Negotiations leading to the Treaty on Cultural Diversity were
inspired by desperate French efforts to keep American culture at
bay, in this case movies, music and the printed word. Since 1998,
quiet negotiations have been proceeding through an
intergovernmental grouping called the International Network for
Cultural Policy. "Globalization," according to a committee
statement, "poses new challenges to the ability of governments,
civil society and the private sector to nurture [cultural]
diversity." In other words, in Orwellian fashion, this treaty is
aimed at limiting cultural diversity, not expanding it.
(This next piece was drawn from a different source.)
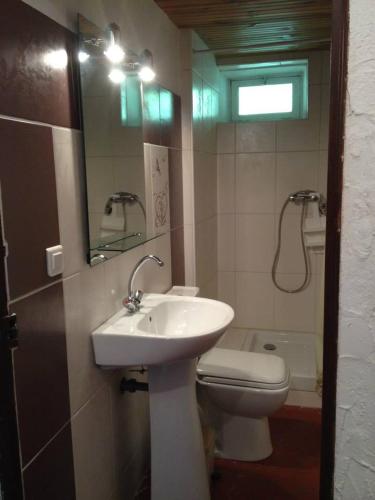 Triple Room with Private Bathroom photo 2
For Paris and its friends in Ottawa, the problem with
globalization is that it allows French and Canadian citizens to
watch American movies and buy CDs with American bands, which they
do in droves like other consumers the world over. "Why don't they
just make better movies themselves?" asked my teenage stepson,
getting to the crux of the matter. Consumer choice and globalized
international trade means competition on a scale with which the
French are deeply uncomfortable.
According to the French conspiracy mill, the U.S. government is
forcing French consumers to eat hamburgers at thousands of
McDonald's outlets that dot the country. This causes McDonald's
restaurants to be the object of occasional violent attacks by
French radicals. And according to fevered French media reports of
the last few days, the post-World War II U.S. Marshall plan for
France was conditioned on the import of American movies which in
turn made French consumers buy American blue jeans. And on and on
it goes.
Though the real purpose of the Treaty on Cultural Diversity is
political, it may well have consequences for the Doha round of the
World Trade Organization. Protecting "cultural expression," in the
treaty's vague formulation, could mean protecting anything from
Brazilian coffee beans to French wine. Paris is already
jeopardizing the entire Doha round by bitterly opposing the cuts in
EU agricultural tariffs necessary to keep the round afloat - in
order to "save" the protectionist Common Agricultural Policy.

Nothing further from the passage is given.